As Wearry’s complaint plainly puts it, “Perrilloux and Foster made an
intentional and deliberate decision to fabricate a narrative.” In the District
Attorney and Detective’s narrative, Ashton had gone to a “musician
appreciation” function at his church on the night of the murder. According
to the false narrative, as he walked home alone, he heard footsteps and hid
under a house. Following their script, Ashton testified that he then saw
Wearry throw Walber’s cologne bottle into a ditch and get into Walber’s car.
In reality, Ashton had been at a strawberry festival with his older sister in
Ponchatoula miles away from the scene on the night of Walber’s murder.

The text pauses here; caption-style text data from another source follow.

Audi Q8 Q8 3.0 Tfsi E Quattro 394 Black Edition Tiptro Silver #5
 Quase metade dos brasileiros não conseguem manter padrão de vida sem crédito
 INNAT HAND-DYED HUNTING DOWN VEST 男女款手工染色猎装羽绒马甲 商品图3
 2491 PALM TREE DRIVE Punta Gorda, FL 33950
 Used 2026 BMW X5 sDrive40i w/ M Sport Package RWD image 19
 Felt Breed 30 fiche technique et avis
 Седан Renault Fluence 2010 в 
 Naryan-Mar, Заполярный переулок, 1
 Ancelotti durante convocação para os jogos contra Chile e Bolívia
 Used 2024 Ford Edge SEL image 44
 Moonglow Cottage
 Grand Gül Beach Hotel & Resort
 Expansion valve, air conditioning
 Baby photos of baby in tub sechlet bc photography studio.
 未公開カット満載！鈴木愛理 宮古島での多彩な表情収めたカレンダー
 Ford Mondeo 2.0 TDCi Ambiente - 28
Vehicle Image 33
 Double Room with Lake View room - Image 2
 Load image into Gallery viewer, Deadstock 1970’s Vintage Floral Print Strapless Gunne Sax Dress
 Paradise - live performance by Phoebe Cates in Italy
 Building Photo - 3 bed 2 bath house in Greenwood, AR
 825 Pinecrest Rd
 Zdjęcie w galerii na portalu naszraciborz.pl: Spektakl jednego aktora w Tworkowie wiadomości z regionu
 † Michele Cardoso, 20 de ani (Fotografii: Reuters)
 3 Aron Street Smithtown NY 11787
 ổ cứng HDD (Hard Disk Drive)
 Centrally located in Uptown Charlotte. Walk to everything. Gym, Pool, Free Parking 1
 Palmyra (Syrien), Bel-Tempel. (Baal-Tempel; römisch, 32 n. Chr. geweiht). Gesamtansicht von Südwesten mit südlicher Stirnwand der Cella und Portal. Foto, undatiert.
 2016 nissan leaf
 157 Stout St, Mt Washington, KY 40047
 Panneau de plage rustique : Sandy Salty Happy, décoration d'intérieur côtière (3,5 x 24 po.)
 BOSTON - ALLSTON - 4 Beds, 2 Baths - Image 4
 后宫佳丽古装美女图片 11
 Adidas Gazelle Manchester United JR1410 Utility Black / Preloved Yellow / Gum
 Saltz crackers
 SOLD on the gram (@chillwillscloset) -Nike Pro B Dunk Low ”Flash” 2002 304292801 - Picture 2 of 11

Ashton had spent the night with his sister in Hammond without coming back
to Livingston Parish. Ashton had never seen Wearry before Foster and
Perrilloux presented Wearry’s photo to him, and Ashton “had no personal
knowledge” of any facts implicating Wearry in the murder, including the
fabrications invented by the defendants. In short, Foster and Perrilloux
knowingly “provided the adolescent with a completely fabricated story” and
intimidated and coerced him to adopt and repeat the story in his testimony.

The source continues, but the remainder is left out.